Winter Sale Limited Time 65% Discount Offer - Ends in 0d 00h 00m 00s - Coupon code: exc65

A data scientist wants to efficiently tune the hyperparameters of a scikit-learn model in parallel. They elect to use the Hyperopt library to facilitate this process.

Which of the following Hyperopt tools provides the ability to optimize hyperparameters in parallel?

A.

fmin

B.

SparkTrials

C.

quniform

D.

search_space

E.

objective_function

A data scientist has created a linear regression model that useslog(price)as a label variable. Using this model, they have performed inference and the predictions and actual label values are in Spark DataFramepreds_df.
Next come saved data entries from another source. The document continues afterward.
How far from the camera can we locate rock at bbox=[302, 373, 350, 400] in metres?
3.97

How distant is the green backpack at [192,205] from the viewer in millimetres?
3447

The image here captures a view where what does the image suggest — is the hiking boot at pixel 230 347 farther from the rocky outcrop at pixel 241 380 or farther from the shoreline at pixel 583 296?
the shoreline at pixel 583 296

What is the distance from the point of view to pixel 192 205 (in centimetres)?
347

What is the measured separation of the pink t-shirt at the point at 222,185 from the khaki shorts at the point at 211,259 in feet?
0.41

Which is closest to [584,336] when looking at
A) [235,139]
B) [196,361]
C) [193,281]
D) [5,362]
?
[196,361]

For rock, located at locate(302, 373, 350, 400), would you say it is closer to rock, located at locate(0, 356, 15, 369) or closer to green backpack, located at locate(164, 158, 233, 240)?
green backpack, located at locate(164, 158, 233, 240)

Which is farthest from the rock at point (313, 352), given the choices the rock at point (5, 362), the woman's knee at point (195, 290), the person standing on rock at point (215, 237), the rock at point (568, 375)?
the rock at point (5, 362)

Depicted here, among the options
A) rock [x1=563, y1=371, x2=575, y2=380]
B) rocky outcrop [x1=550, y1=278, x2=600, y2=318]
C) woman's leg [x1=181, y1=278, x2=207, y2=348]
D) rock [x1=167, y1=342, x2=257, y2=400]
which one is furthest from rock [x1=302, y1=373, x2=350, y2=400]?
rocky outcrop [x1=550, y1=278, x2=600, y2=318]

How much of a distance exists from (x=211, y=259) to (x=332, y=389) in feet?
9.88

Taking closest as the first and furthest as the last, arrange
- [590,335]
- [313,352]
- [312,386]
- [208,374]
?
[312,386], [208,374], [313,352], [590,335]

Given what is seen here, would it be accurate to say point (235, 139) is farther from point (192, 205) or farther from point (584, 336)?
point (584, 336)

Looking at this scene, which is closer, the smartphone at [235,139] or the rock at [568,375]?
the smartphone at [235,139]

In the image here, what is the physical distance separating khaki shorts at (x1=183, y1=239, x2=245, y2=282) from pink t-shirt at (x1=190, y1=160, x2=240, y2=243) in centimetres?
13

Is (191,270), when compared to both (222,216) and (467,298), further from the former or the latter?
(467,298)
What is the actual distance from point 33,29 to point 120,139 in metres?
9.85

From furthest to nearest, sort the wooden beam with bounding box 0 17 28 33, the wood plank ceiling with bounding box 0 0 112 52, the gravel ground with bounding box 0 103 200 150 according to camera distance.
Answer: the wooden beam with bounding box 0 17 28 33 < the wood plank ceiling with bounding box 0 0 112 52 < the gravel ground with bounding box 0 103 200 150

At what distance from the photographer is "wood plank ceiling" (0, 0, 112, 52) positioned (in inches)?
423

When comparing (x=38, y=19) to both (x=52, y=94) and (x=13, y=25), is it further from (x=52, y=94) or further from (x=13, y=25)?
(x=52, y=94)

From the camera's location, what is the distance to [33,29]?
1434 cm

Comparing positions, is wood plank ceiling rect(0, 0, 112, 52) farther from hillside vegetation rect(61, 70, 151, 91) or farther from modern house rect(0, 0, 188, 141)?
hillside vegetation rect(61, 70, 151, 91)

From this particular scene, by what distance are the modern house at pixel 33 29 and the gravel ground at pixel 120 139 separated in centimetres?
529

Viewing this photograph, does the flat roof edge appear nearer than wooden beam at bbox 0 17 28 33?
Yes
They are using the following code block to evaluate the model:

regression_evaluator.setMetricName("rmse").evaluate(preds_df)

Which of the following changes should the data scientist make to evaluate the RMSE in a way that is comparable withprice?

A.

They should exponentiate the computed RMSE value

B.

They should take the log of the predictions before computing the RMSE

C.

They should evaluate the MSE of the log predictions to compute the RMSE

D.

They should exponentiate the predictions before computing the RMSE

A data scientist wants to tune a set of hyperparameters for a machine learning model. They have wrapped a Spark ML model in the objective functionobjective_functionand they have defined the search spacesearch_space.
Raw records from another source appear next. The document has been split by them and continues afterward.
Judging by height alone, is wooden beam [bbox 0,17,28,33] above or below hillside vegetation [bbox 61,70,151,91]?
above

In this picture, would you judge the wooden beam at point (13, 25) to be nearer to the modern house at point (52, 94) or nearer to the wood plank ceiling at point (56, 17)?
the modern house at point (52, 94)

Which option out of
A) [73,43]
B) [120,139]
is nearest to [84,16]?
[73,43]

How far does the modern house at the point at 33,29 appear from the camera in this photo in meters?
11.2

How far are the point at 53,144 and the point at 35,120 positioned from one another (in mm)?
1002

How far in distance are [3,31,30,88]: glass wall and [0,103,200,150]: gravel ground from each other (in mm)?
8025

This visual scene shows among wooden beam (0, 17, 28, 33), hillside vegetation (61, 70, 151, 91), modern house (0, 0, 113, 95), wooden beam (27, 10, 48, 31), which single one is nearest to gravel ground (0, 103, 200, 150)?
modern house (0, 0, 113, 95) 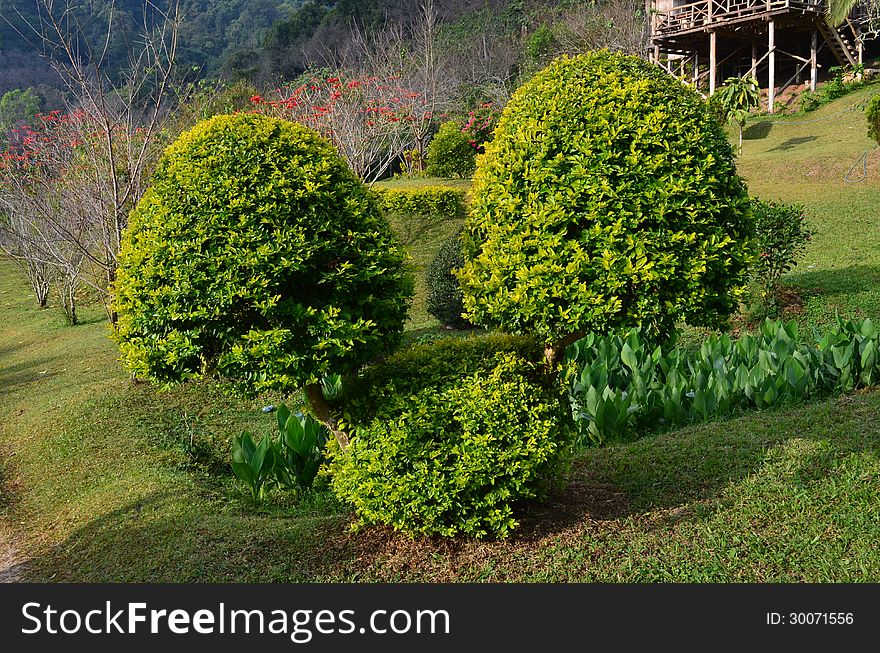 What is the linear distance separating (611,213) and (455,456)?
Result: 141cm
As a result, they have the following code block:

Which of the following changes do they need to make to the above code block in order to accomplish the task?

A.

Change SparkTrials() to Trials()

B.

Reduce num_evals to be less than 10

C.

Change fmin() to fmax()

D.

Remove the trials=trials argument

E.

Remove the algo=tpe.suggest argument

A data scientist has produced three new models for a single machine learning problem. In the past, the solution used just one model. All four models have nearly the same prediction latency, but a machine learning engineer suggests that the new solution will be less time efficient during inference.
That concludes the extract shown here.